BEGIN Dataset excerpt
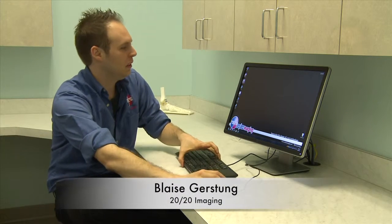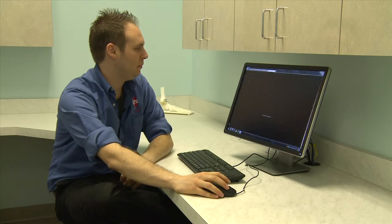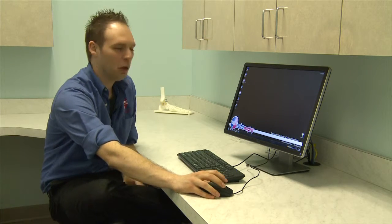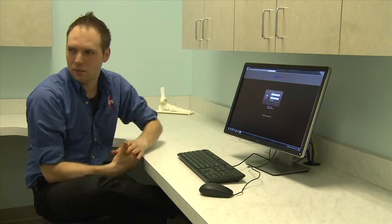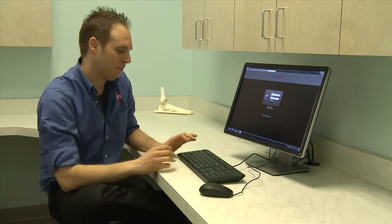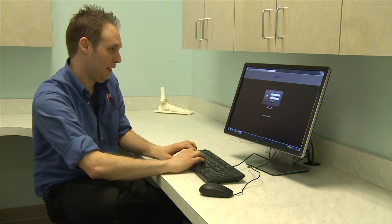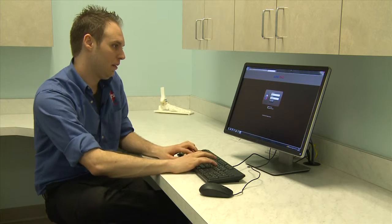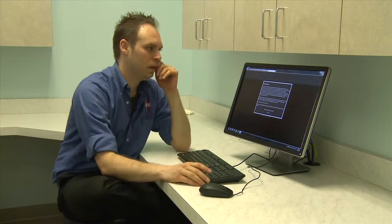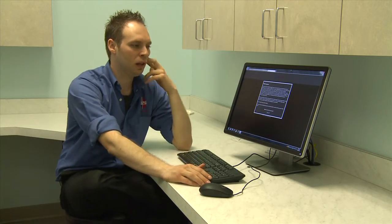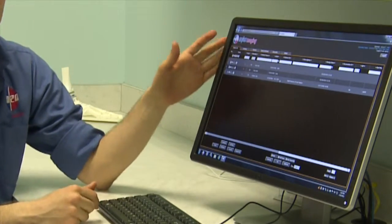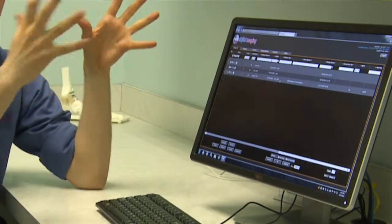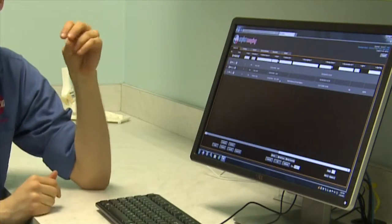Now we're going to go through the training at the server. You'll see a shortcut on the desktop called Opal Web. Open that up — the login is the same: admin and 2020 Tech. You'll hit a compliance message once you log in, and now we're back at the study list in the web-based version. The software version is only in the acquisition room.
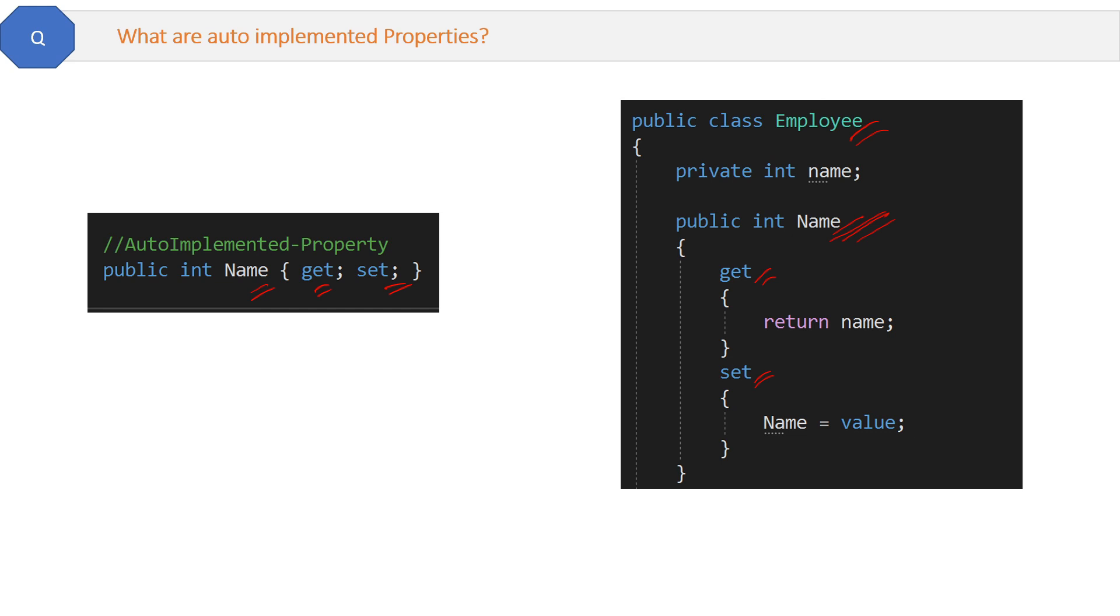So the definition is: auto implemented properties in C# are a simplified way to declare the properties.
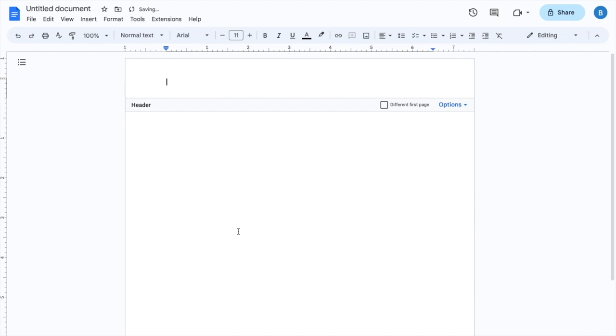Now, let's say, for example, I wanted to make the header. I will just type in header in all capitals, number one. So header number one. Once that is done,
END Dataset excerpt
Assigned task: Please reproduce the data above word for word, skipping all images.

Result of this exercise:
Now we're going to go through the training at the server. You'll see a shortcut on the desktop called Opal Web. Open that up — the login is the same: admin and 2020 Tech. You'll hit a compliance message once you log in, and now we're back at the study list in the web-based version. The software version is only in the acquisition room.
So the definition is: auto implemented properties in C# are a simplified way to declare the properties.
Now, let's say, for example, I wanted to make the header. I will just type in header in all capitals, number one. So header number one. Once that is done,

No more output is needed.